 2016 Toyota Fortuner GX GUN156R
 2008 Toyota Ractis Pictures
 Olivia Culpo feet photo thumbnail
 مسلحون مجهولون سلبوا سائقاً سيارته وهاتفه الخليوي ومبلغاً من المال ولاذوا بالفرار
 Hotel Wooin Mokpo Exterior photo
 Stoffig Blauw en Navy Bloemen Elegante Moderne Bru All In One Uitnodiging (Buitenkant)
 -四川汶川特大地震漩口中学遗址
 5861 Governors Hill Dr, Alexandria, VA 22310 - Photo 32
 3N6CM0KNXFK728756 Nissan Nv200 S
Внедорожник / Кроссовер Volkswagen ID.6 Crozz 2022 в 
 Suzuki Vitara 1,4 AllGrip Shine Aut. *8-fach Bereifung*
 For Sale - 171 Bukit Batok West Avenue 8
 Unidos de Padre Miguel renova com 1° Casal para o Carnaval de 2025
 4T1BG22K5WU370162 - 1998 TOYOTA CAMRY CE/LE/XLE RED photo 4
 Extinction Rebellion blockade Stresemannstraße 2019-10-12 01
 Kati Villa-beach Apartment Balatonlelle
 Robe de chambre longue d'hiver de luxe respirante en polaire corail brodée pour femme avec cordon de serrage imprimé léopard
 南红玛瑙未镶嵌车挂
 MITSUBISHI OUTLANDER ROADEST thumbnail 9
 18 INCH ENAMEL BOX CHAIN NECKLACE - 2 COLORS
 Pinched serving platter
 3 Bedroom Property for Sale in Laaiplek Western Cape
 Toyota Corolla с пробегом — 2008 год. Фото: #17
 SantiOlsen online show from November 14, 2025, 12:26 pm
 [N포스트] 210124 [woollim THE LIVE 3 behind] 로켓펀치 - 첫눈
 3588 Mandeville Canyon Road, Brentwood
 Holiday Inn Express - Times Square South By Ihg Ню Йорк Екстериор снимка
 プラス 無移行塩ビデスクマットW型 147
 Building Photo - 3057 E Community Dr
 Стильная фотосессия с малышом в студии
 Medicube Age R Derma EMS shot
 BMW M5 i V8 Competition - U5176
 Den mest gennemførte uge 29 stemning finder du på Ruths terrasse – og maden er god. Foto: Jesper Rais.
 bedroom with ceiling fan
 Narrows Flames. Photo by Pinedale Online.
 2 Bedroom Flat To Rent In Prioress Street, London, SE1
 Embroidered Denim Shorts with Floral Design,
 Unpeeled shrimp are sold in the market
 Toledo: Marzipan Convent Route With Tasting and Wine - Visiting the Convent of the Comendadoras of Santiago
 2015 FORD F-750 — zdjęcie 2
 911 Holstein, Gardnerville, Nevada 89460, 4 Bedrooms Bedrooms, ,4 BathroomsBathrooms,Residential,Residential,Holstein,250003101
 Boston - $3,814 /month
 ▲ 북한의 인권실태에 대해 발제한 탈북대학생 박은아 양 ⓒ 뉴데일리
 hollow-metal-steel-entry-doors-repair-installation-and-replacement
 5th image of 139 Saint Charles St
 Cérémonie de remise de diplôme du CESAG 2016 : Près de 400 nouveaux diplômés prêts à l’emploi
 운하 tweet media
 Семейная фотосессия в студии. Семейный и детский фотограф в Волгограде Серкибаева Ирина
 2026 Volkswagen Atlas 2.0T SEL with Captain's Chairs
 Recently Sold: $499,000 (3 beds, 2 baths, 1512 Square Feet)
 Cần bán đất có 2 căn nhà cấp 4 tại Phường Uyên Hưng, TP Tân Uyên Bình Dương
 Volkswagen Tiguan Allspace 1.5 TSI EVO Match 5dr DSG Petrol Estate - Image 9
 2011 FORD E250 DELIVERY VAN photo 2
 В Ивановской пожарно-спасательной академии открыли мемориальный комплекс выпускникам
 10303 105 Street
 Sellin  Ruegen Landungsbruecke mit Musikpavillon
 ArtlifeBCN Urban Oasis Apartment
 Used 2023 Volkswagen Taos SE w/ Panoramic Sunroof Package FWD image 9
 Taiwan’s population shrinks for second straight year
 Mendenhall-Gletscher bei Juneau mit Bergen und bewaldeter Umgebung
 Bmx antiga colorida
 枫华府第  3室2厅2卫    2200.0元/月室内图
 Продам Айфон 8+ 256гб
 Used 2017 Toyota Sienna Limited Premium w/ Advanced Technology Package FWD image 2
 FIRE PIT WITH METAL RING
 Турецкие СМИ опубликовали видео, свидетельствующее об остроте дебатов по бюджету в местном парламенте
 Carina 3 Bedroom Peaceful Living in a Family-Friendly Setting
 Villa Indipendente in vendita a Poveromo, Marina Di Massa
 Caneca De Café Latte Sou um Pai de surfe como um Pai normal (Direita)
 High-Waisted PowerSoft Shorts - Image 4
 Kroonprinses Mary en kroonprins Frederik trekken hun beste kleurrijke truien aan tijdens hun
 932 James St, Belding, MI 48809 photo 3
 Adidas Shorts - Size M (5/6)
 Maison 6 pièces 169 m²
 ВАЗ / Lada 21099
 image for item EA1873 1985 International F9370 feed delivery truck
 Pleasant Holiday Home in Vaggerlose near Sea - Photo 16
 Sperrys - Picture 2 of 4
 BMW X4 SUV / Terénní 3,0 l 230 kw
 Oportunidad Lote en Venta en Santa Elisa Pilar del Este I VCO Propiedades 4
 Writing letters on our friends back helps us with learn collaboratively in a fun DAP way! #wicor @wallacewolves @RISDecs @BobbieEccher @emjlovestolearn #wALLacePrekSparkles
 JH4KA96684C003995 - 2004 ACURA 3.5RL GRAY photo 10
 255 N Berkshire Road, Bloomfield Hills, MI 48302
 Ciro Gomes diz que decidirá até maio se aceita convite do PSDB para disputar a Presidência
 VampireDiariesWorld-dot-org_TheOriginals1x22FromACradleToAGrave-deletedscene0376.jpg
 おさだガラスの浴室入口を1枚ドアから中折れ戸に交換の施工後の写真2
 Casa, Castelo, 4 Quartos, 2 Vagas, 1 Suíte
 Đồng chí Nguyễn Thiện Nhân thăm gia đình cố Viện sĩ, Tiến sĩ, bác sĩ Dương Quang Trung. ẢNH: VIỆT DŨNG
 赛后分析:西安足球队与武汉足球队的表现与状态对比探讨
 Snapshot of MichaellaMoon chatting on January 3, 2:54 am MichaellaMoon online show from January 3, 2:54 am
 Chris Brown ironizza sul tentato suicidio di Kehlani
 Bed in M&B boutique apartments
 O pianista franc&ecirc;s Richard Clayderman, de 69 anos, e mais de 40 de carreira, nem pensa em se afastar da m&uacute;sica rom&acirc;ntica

***

Task to carry out: Looking at the data above, write out exactly the lines that start at the one containing "Building Photo - 3057 E Community Dr" and end at the one containing "Narrows Flames. Photo by Pinedale Online."; include both and nothing beyond.

Solution to the exercise:
 Building Photo - 3057 E Community Dr
 Стильная фотосессия с малышом в студии
 Medicube Age R Derma EMS shot
 BMW M5 i V8 Competition - U5176
 Den mest gennemførte uge 29 stemning finder du på Ruths terrasse – og maden er god. Foto: Jesper Rais.
 bedroom with ceiling fan
 Narrows Flames. Photo by Pinedale Online.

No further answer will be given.